Welcome to the bootcamp
Over the next 18 sections you'll go from "I've heard of Spark" to confidently designing, building, tuning, and deploying real Spark pipelines that process data at massive scale. This is a hands-on, Python-first course built on Apache Spark 4.0 and PySpark — every concept is reinforced with runnable code, a guided exercise, or a lab, and the back half is built around full projects you can put on a résumé or GitHub.
You don't need any prior distributed-systems or Spark experience. If you're comfortable with Python and can read
a SQL SELECT with a JOIN and a GROUP BY, you're ready.
The path you'll walk
The course is a ladder — each rung reuses and extends the skills from the last.
- Foundations — why Big Data exists, how clusters split work, and why Spark beats classic MapReduce.

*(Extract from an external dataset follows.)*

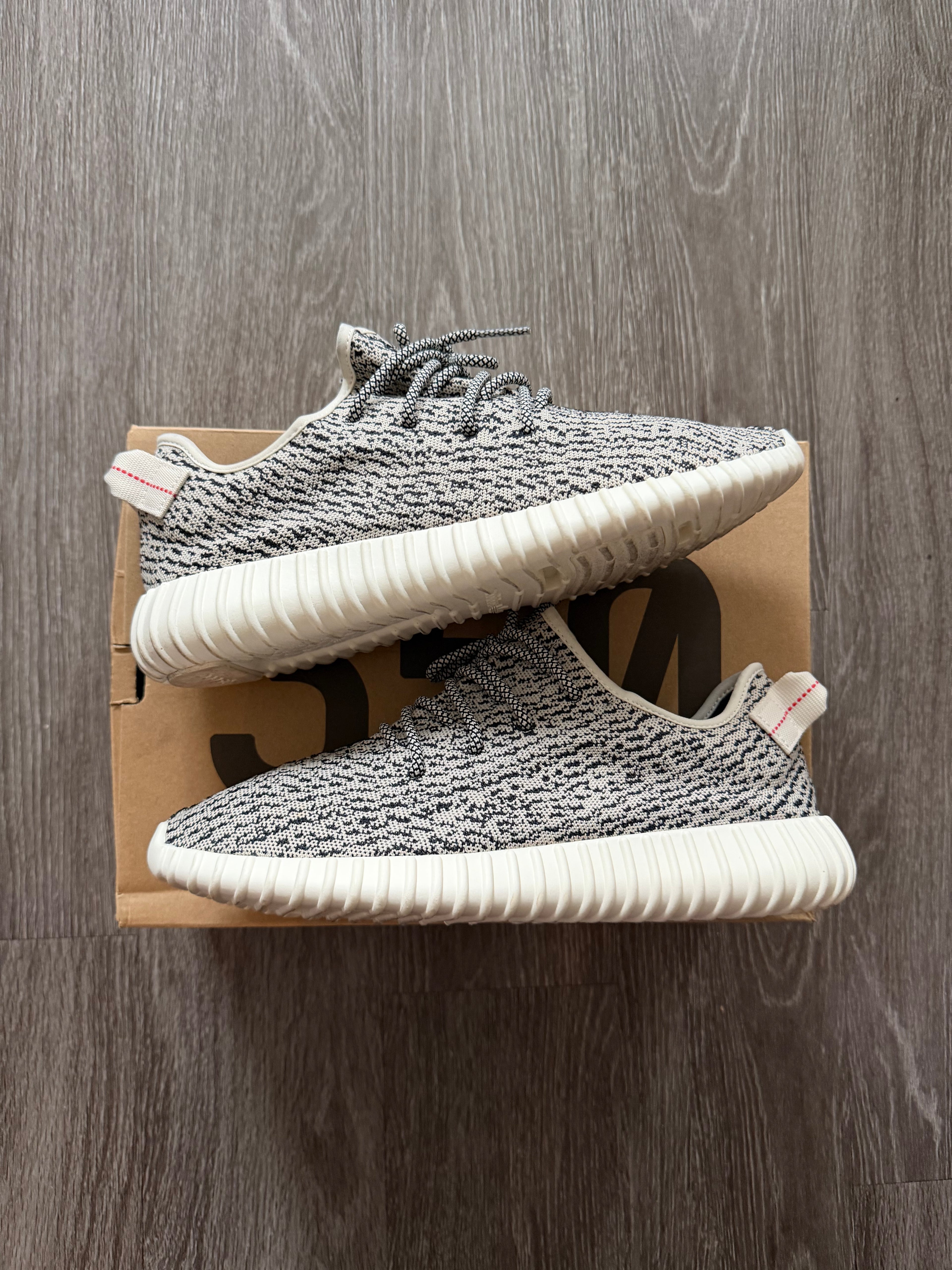 adidas Yeezy Boost “Turtledove” (2022)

- Core APIs — RDDs for low-level control, then the DataFrame API and Spark SQL for real analytics.
- Scale & speed — every major file format, joins and shuffles, performance tuning, and Structured Streaming.
- Production — the Delta lakehouse, MLlib, cloud and Kubernetes deployment, Kafka, orchestration, and five capstone projects.
How the course is organized
The roadmap moves deliberately from fundamentals to full applications:
| Phase | Sections | What you'll be able to do |
|---|---|---|
| Foundations | 1–4 | Reason about distributed systems, Spark's architecture, and stand up a Spark 4.0 environment |
| Core APIs | 5–8 | Build pipelines with RDDs, DataFrames, and Spark SQL |
| Data & performance | 9–13 | Read every format, tune joins/shuffles, stream data, and test pipelines |
| Production | 14–18 | Deploy to cloud/K8s, build a lakehouse, train ML models, and ship capstones |
What you'll need
You'll set all of this up in Section 4 — nothing to install yet, just know what's coming:
- Java 17 — Spark 4.0 runs on the JVM and requires a modern JDK.
- Python 3.11+ and PySpark 4 in a virtual environment.
- Docker — for a reproducible local Spark cluster you'll reuse all course.
- A code editor such as VS Code, or Jupyter for interactive work.